◆ ACTION ITEM
Exclude the pictures and reproduce the remaining data exactly as written.

◆ DATASET SECTION
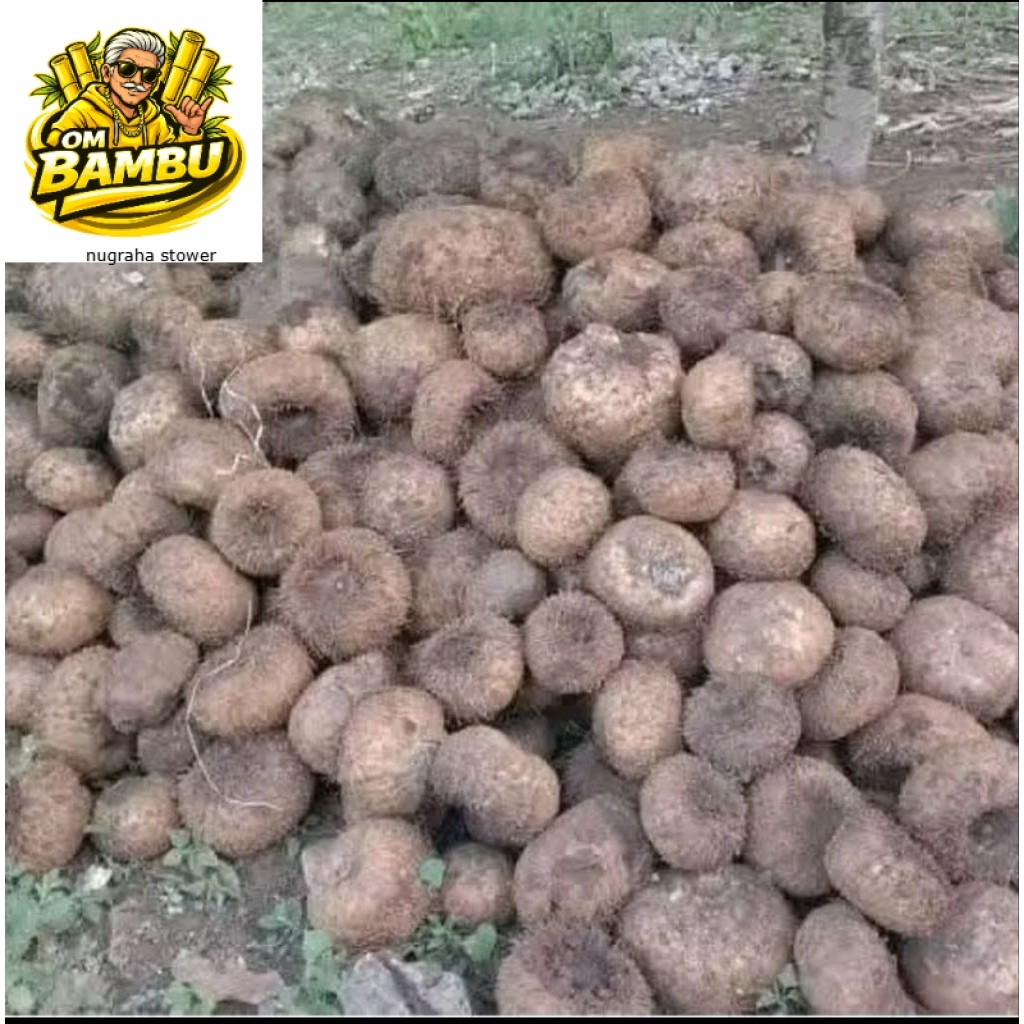 bibit umbi Porang super 1 kg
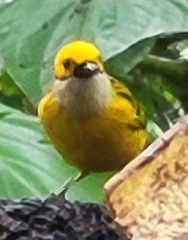 Tangara icterocephala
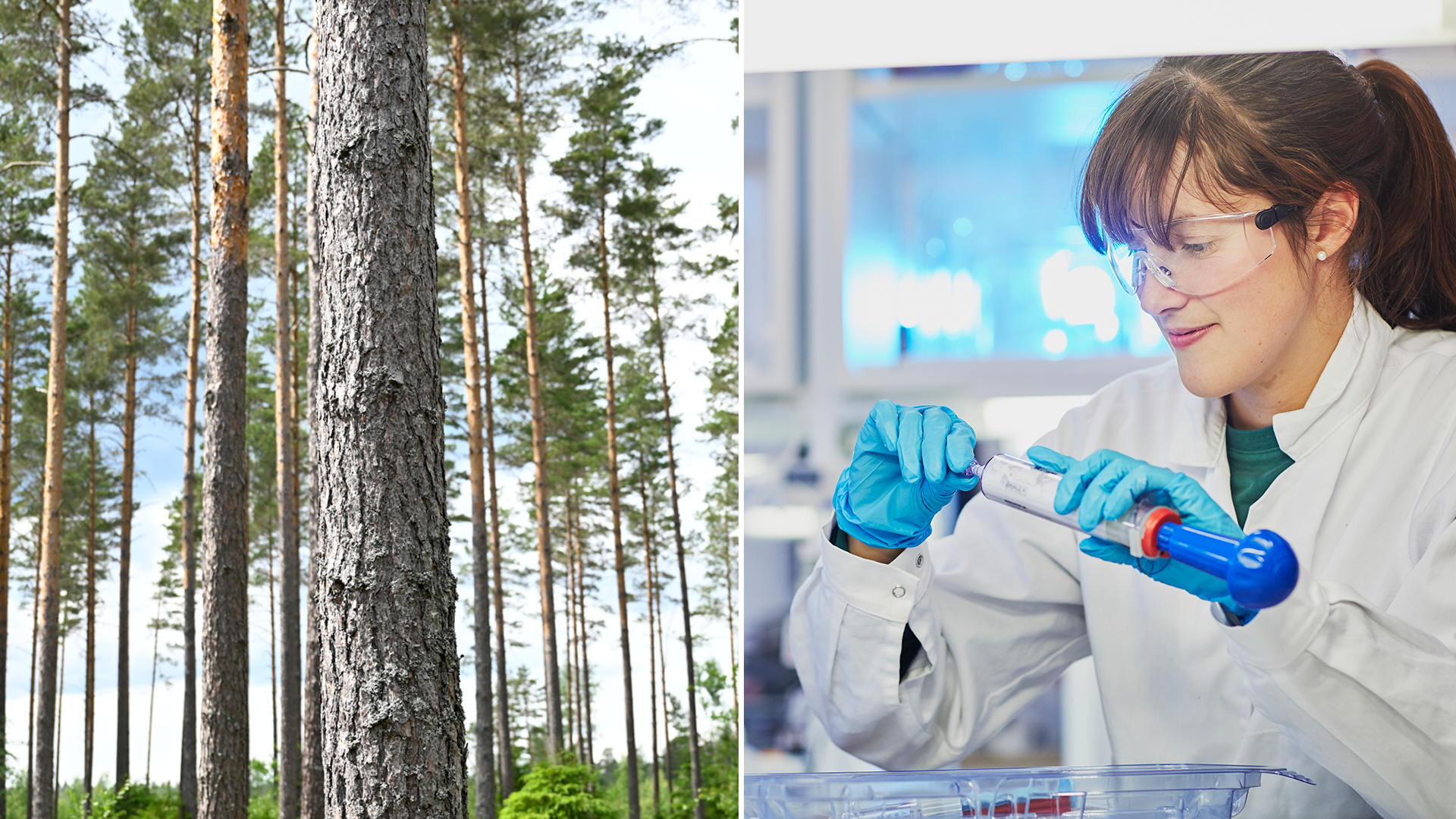 Här tar blankarna position – småspararfavoriter i sikte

◆ RESPONSE
 bibit umbi Porang super 1 kg
 Tangara icterocephala
 Här tar blankarna position – småspararfavoriter i sikte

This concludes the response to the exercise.